> What the task asks
Return all of the data exactly, omitting any images.

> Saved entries
[Start of section]

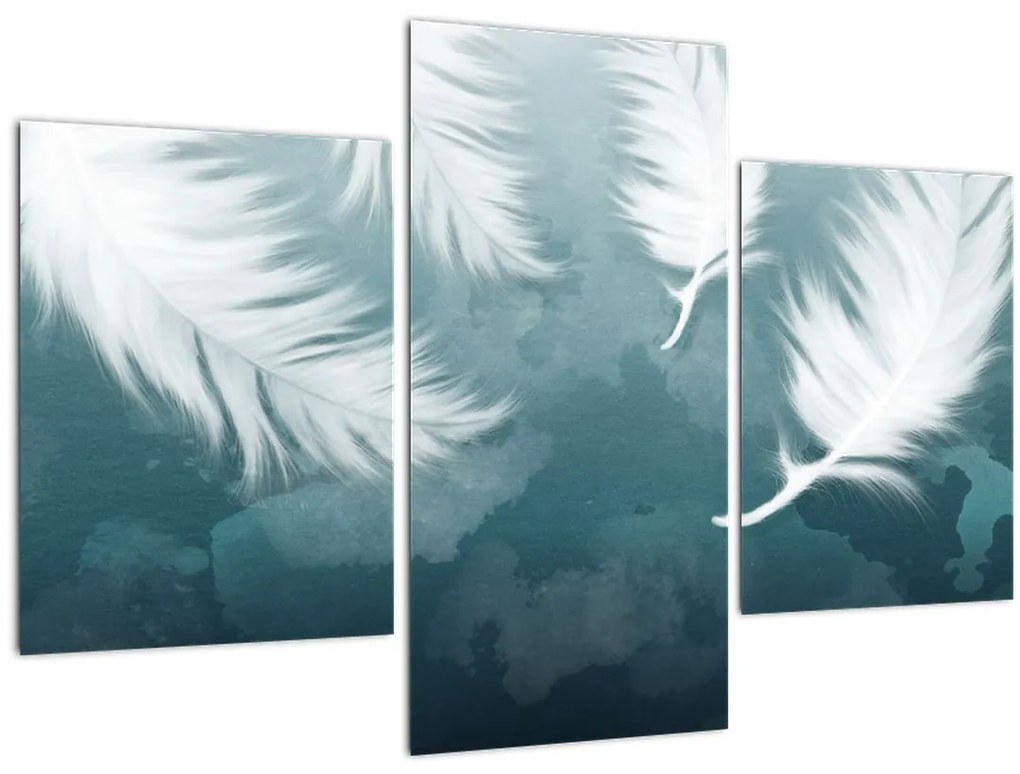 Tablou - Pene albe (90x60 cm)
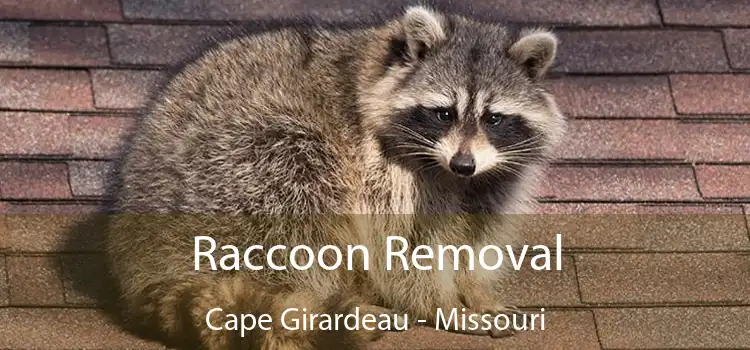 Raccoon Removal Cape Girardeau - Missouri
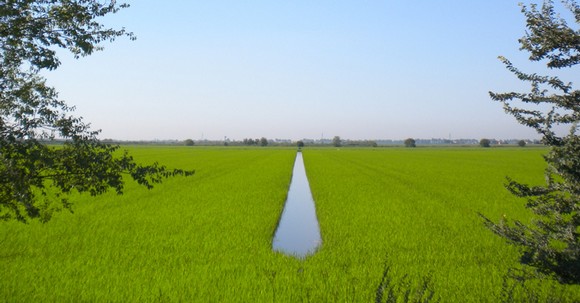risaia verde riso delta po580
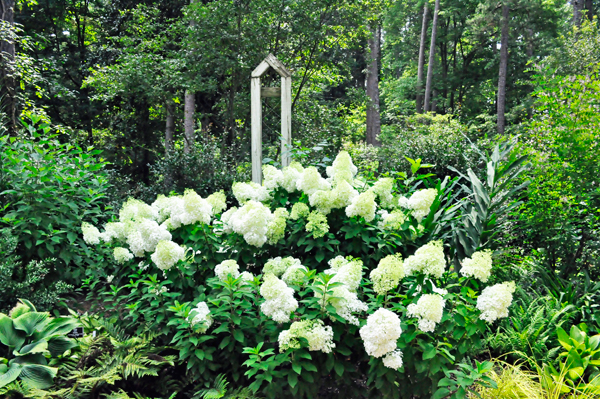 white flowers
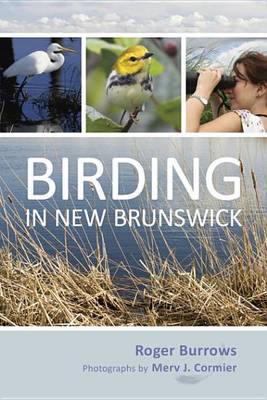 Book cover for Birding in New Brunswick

[End of section]

> Response to this task
 Tablou - Pene albe (90x60 cm)
 Raccoon Removal Cape Girardeau - Missouri
risaia verde riso delta po580
 white flowers
 Book cover for Birding in New Brunswick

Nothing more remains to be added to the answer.